P&S Module 2018

In this session, we are going to discuss some advanced topics in Computer Vision without explaining too many mathematical details. These are essential tools that you can use every day in your projects.

We are also going to discuss some technical topics including how to interact with the camera on Raspberry Pi, how to develop a proper Python project and some additional tips and tricks for solving Machine Learning problems in general.

Work with Pi Camera

We have equipped the Raspberry Pi Camera on the Raspberry Pi so that you can get the video feed from the device.

To stream the frames from the Pi Camera, we need to use a new Python package called picamera[array]. The reason why we do not use OpenCV here is that one needs to solve tedious driver issues.

The following example demonstrates how you can get a stream of frames from the Pi Camera (Script citation):

# import the necessary packages
from picamera.array import PiRGBArray
from picamera import PiCamera
import time
import cv2

# initialize the camera and grab a reference to the raw camera capture
camera = PiCamera()
camera.resolution = (640, 480)
camera.framerate = 32
rawCapture = PiRGBArray(camera, size=(640, 480))

# allow the camera to warmup
time.sleep(0.1)

# capture frames from the camera
for frame in camera.capture_continuous(rawCapture, format="bgr", use_video_port=True):
  # grab the raw NumPy array representing the image, then initialize the timestamp
  # and occupied/unoccupied text
  image = frame.array

  # Display the resulting frame
  cv2.imshow('frame', image)
  # the loop breaks at pressing `q`
  if cv2.waitKey(1) & 0xFF == ord('q'):
      break

  # clear the stream in preparation for the next frame
  rawCapture.truncate(0)

A lot more examples can be found at the documentation of the library.

Work with Webcam

OpenCV provides a good interface for streaming data from a video or a camera.
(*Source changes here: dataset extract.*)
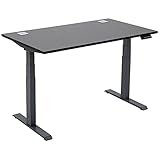 Büromöbel Online | Schreibtisch elektrisch höhenverstellbar | Schwarzes Dekor | Gestellfarbe Graphit | Maße: B 160cm x T 80cm x H 65,5-131,5 cm | Stehend & Sitzend Arbeiten | Karb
The VideoCapture API can accept a string that indicates the path of the video or an integer that indicates a camera. Commonly, we use the integer 0 (corresponding to CAP_ANY) so that the OpenCV auto-detects the camera devices available.

Note that we only discuss a single camera setup, for accessing multiple cameras, you need special treatments such as camera synchronization.

Here we demonstrate an example that shows the basic usage of the VideoCapture API:

import numpy as np
import cv2

# open the camera
cap = cv2.VideoCapture(0)

while(True):
    # Capture frame-by-frame
    ret, frame = cap.read()

    # Our operations on the frame come here
    gray = cv2.cvtColor(frame, cv2.COLOR_BGR2GRAY)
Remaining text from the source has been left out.